=== Work instructions ===
Reproduce, please, the line that holds "エレガントでモダンなパステル調ベージュ勾配の金ゴールドのロイヤリティ スクエア名刺 (正面/裏面)" and all later lines through the end of the entries below, exactly; omit pictures.

(Caption-style text data)
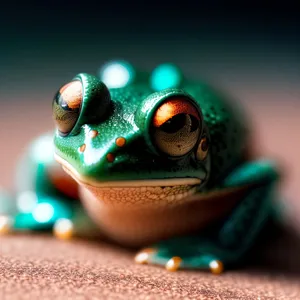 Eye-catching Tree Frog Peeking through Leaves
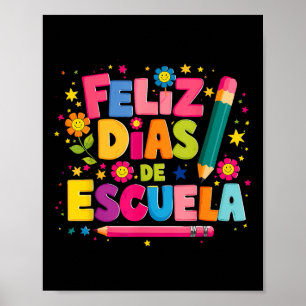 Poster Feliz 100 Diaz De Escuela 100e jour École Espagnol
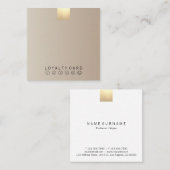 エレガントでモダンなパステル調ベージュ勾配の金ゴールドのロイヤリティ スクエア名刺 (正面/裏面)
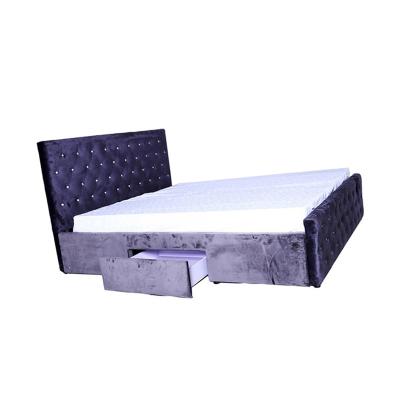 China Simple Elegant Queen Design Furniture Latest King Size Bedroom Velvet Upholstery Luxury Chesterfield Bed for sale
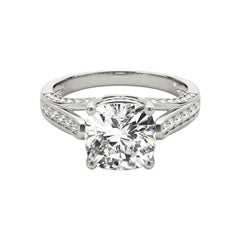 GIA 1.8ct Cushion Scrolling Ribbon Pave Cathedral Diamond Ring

=== Task answer ===
 エレガントでモダンなパステル調ベージュ勾配の金ゴールドのロイヤリティ スクエア名刺 (正面/裏面)
 China Simple Elegant Queen Design Furniture Latest King Size Bedroom Velvet Upholstery Luxury Chesterfield Bed for sale
 GIA 1.8ct Cushion Scrolling Ribbon Pave Cathedral Diamond Ring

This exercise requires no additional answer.